BioVex - 2005 Fierce 15 Revisited
BioVex
Based: Cambridge, MA
Founded: 1999
www.biovex.com
Bottom Line: Right on track
What we said: The six-year-old BioVex got started in the U.K., but it clearly sees its future playing out in the United States. Clinical trials involving its new drugs will be based in the U.S., U.S. venture companies will be wooed to take part in its next financing round and the U.S. will likely be the biggest market for its experimental cancer drugs--if BioVex makes it to market approval. That helps explain why BioVex relocated its corporate headquarters from Oxford, England to the U.S. at the beginning of June, just weeks after the FDA cleared the way for a Phase II trial of its lead candidate--the cancer vaccine OncoVex GM-CSF, an oncolytic virus for selectively killing tumor deposits--for malignant melanoma. OncoVex is designed for dual action, killing tumor cells and excreting GM-CSF, an immune stimulating protein. BioVex plans to research OncoVex both as a vaccine and for local control--such as reducing pancreatic tumors so that they are small enough to operate on. Phase I/II clinical testing of ImmunoVEX in malignant melanoma is underway. So far, BioVex has attracted about $60 million in venture capital, with all but one of the investors based outside the United States.
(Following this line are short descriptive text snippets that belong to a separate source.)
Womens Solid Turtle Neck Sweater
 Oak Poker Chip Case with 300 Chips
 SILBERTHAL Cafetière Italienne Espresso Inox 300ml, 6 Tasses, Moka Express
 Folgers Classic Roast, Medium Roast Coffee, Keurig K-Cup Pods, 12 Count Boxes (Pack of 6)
What happened: At the end of March of this year BioVex announced that it had raised $40 million in the first close of its Series F. Two weeks later it started its Phase III clinical trial of OncoVex for metastatic melanoma. And in Phase III "if we see a third of what we saw in Phase II we'll be set for an approval," CEO Philip Astley-Sparke told FierceBiotech recently. Just a few weeks ago the developer announced that it had reached agreement with the FDA on a second Phase III trial that will explore OncoVex's ability to fight head and neck cancer.